A technique that identifies the build-up of abnormal protein deposits linked to Parkinson’s disease could aid in early diagnosis.
The research, published Wednesday in the Lancet Neurology, could play a key role in the treatment of this widespread movement disorder, according to the study investigators.
Identifying an effective biomarker for Parkinson’s disease could have significant implications, potentially making it possible to identify the best treatments for different patient subsets, and hasten clinical trials. The presence of misfolded α-synuclein protein aggregates in the brain, a hallmark of Parkinson’s disease, could potentially serve as a biomarker. Historically, biochemical tests could not provide a conclusive diagnosis during life -- therefore, the disease has previously been defined based on clinical symptoms and post-mortem brain pathology.
A technique called α-synuclein seed amplification assay (αSyn-SAA) amplifies very small amounts of misfolded α-synuclein aggregates in samples from Parkinson’s patients so that they can be detected using standard laboratory techniques. The researchers sought to assess αSyn-SAA’s usefulness in detecting early signs of Parkinson’s.
The researchers used data from the Parkinson’s Progression Markers Initiative cohort. Among the 1,123 participants were individuals with a Parkinson’s disease diagnosis, and at-risk people with gene variants linked to the condition. Samples of participants’ cerebrospinal fluid, which surrounds the brain and spinal cord, were analyzed using αSyn-SAA.

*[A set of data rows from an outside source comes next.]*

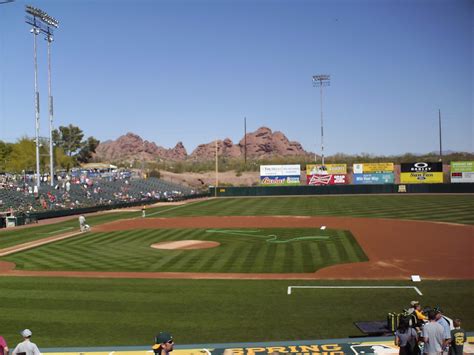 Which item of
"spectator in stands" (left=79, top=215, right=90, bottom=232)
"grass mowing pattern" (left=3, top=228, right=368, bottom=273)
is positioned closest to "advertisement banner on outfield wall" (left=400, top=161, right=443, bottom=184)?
"grass mowing pattern" (left=3, top=228, right=368, bottom=273)

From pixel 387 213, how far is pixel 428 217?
15.8 feet

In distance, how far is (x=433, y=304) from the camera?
1352 centimetres

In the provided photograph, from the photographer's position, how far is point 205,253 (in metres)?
23.0

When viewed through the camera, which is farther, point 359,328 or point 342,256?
point 342,256

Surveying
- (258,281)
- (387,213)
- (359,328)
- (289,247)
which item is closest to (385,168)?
(387,213)

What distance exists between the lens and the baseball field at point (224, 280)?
38.6 ft

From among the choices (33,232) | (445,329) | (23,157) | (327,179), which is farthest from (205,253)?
(23,157)

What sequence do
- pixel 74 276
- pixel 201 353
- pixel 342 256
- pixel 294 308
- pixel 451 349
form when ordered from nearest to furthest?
pixel 451 349 < pixel 201 353 < pixel 294 308 < pixel 74 276 < pixel 342 256

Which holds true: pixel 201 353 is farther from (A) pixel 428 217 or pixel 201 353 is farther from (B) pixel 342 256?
(A) pixel 428 217

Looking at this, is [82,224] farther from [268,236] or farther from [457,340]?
[457,340]

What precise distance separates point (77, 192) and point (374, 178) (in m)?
46.9

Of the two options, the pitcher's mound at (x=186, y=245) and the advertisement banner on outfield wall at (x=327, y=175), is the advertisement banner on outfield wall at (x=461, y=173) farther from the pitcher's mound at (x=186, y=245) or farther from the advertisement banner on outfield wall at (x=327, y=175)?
the pitcher's mound at (x=186, y=245)

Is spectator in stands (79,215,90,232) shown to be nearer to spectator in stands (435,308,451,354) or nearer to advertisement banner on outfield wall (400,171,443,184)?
spectator in stands (435,308,451,354)

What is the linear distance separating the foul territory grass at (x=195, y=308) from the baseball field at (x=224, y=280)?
0.04m
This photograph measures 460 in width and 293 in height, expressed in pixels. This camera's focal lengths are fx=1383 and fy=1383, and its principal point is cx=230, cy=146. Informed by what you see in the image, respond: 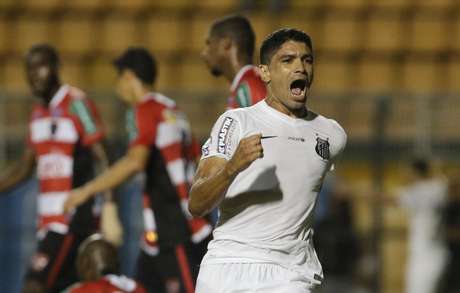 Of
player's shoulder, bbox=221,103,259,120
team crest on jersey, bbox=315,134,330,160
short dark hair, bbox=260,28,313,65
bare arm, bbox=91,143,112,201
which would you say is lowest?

Prodromal individuals exhibit non-motor symptoms, including REM sleep disturbance and loss of smell -- both potential Parkinson’s precursors -- but lack the tremors or muscle stiffness that come later in the disease’s development. Prodromal participants were included to help determine αSyn-SAA’s usefulness in predicting Parkinson’s onset.
Findings confirmed that αSyn-SAA can accurately detect people with Parkinson’s disease, with positive results in 88% of diagnosed participants. Most prodromal participants had positive αSyn-SAA results, indicating α-synuclein aggregates, despite not having been diagnosed with Parkinson’s disease. Among those recruited with sleep disorder, 85% had positive αSyn-SAA results. Similarly, among those reporting loss of smell, 89% had positive αSyn-SAA results. Such loss of smell was the clinical feature that most strongly predicted a positive αSyn-SAA result. Among participants with Parkinson’s disease and loss of smell, 97% had positive αSyn-SAA results compared to 63% of those whose sense of smell was unchanged.
Importantly, most prodromal participants with positive αSyn-SAA results had brain scans that did not show a decline in the number of dopamine-producing nerve cells, a pre-diagnosis biomarker. The loss of dopamine-producing cells has been implicated as a cause of Parkinson’s disease. This result suggests that misfolded α-synuclein buildup may be a very early indicator of disease onset. That the detection of α-synuclein before brain damage is observable by imaging suggests the ubiquitous spread of these proteins prior to substantial neuronal damage.
“Our findings suggest that the αSyn-SAA technique is highly accurate at detecting the biomarker for Parkinson’s disease regardless of the clinical features, making it possible to accurately diagnose the disease at early stages,” co-lead author Luis Concha, director of R&D for the biotech company Amprion, said in a statement.